Technology has revolutionized the way we communicate, breaking down barriers across languages and enabling greater connection and understanding, ultimately leading to more inclusion and greater accessibility.
Live audio transcription and translation tools have limitations for the deaf and hard-of-hearing due to sign language's complex combination of fast-paced hand gestures, facial expressions, and full body movements. While machine learning models can handle facial expressions and body movements, detecting hand and finger movements remains a challenge.
With the current technology we are able to detect simple hand gestures - but in order to be able to understand the full spectrum of Sign Language we need better hand and finger detection.
How do we make sure that the deaf and hard of hearing gets equal access to language tools? And how can we help accelerate the development of better hand and finger detection - so we, in the end, can create these tools?
Launched to celebrate the American Sign Language Day (April 15th), GiveAHand.ai is using tech for good.
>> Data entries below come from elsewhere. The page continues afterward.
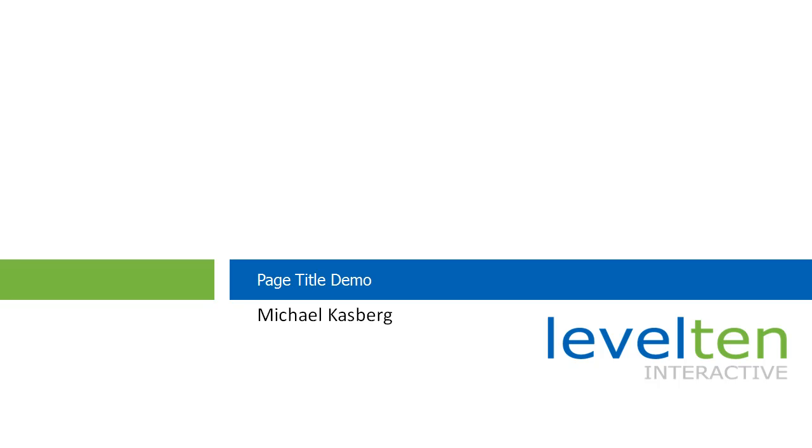Hello everyone, I'm Michael Kassberg with Level 10 Interactive. I'm covering a pretty basic module today but if you're new to Drupal, this is a must have. I'm going to walk you through using the page title module.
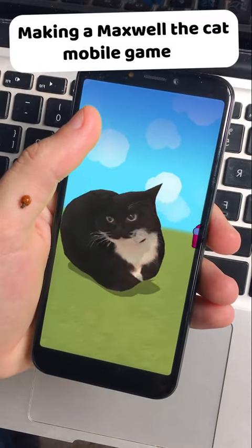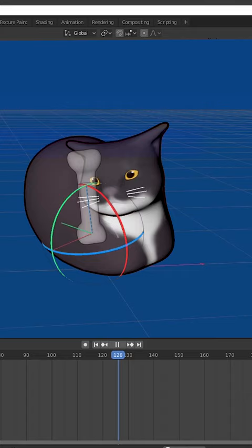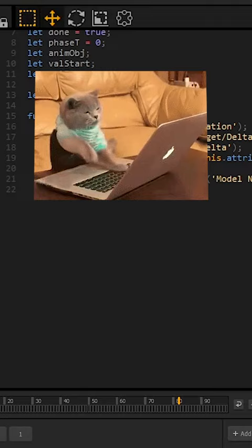Making a Maxwell the cat mobile game. First I added Maxwell in the game engine, then I added one bone for the animation. I wrote some code for all the Maxwell cats to dance, then I added a secret Shrek cat.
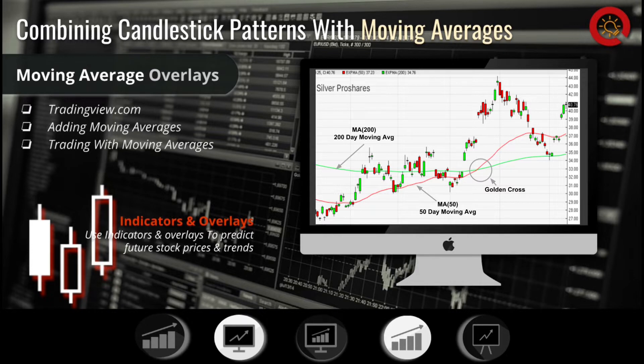A great trading strategy to use with moving averages is called the moving average crossover strategy. When an X is formed when the 50-day moving average passes the 200-day moving average to the upside, this is called a golden cross. A golden cross is an extremely bullish signal which tells us that the price is likely to continue upwards.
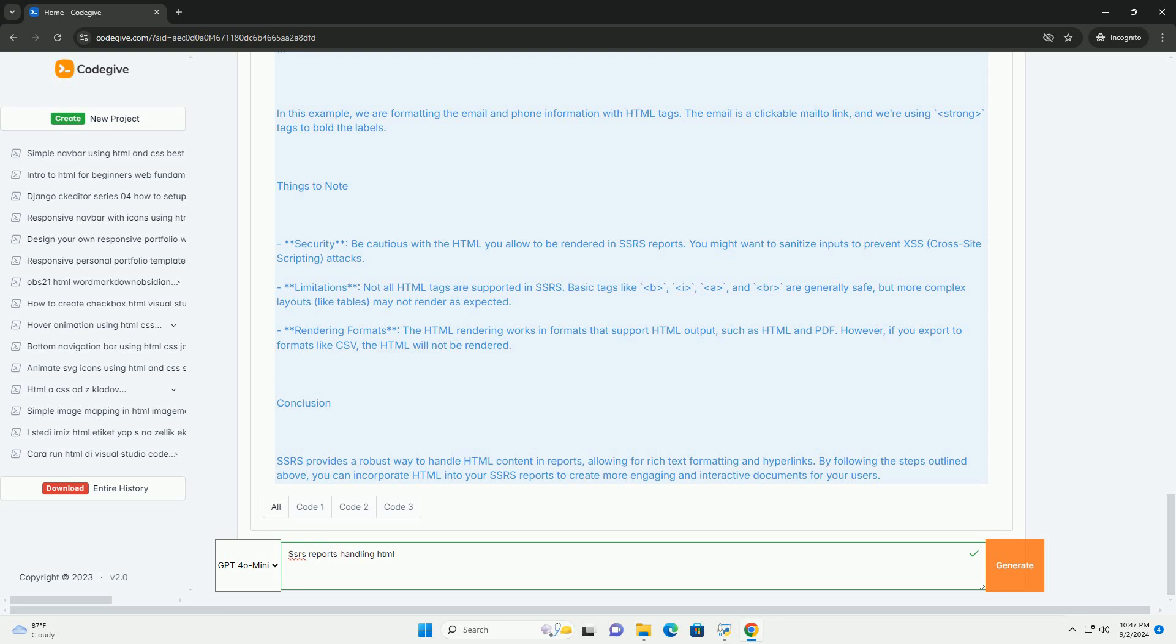To incorporate HTML content, you can utilize text boxes that can interpret HTML tags, enabling features like hyperlinks, images, and formatted text.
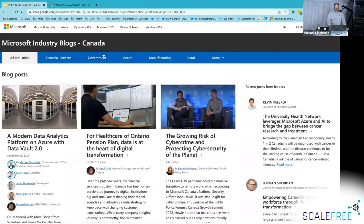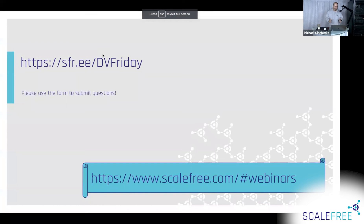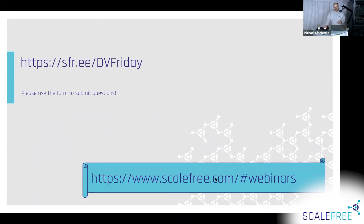If you have questions, shoot them my way — I'm always looking for new questions. Use sfr.ee/dvfriday to submit questions. Also check out our other webinars on DBT and Wherescape at scaphe.com — look under webinars. Looking forward to seeing you again next week. Thanks for joining today. If you'd like to discuss this further, give us a call on the number below. See you next time — have a nice weekend. Bye-bye!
One hundred percent crowdsourced, the data collected in the platform will generate a diverse dataset of hands: diverse shapes, colors, backgrounds and gestures.
So that, anyone can put their hands to good use, by contributing and uploading images, helping to build an image library that will help unlock sign language. Researchers can then download and use these fully tagged images to improve their machine learning models that will allow the detection and translation of the full spectrum of Sign Language.
GiveAHand.ai was developed alongside the American Society for Deaf Children. Its aim is to create an extensive dataset/database of hands, fully tagged with 3D keypoints.
The website is designed to be incredibly simple for both those lending a hand, and those who want access to our dataset. Adding your hand is as simple as taking a picture on your webcam and instantly uploading it - it requires nearly no explanation, and takes less than a minute to complete.
Once the hands are uploaded, they are added to the image library and tagged to allow researchers and developers access to a diverse collection of hands to improve machine learning.
“Donating” a hand to our dataset is one of the easiest ways to help create accessibility of sign language for all, and can be done from anywhere, by anyone - which allows for a fully inclusive and varied dataset to be created.
The American Society for Deaf Children aims to empower diverse families with deaf/hard-of-hearing children and youth by embracing full access to language-rich environments through mentoring, advocacy, resources, and collaborative networks. With GiveAHand.ai we want to build on this commitment to give these families equal access to language tools.
We launched on American Sign Language day - 15th of April, and despite having no media budget, we have reached conversions far beyond what we projected. On average each visitor contributed a hand, which means 1 visitor equals 1 hand. And, within the first 5 days we are already ⅓ of the way towards becoming the world’s largest fully manually tagged, and open, dataset for finger and hand detection.
AI researchers are already looking for ways where they can use this data to improve their current machine learning models.
As the dataset grows, so does the opportunity for creating better hand models, and to create a sustainable solution to overcoming the sign language barrier for good.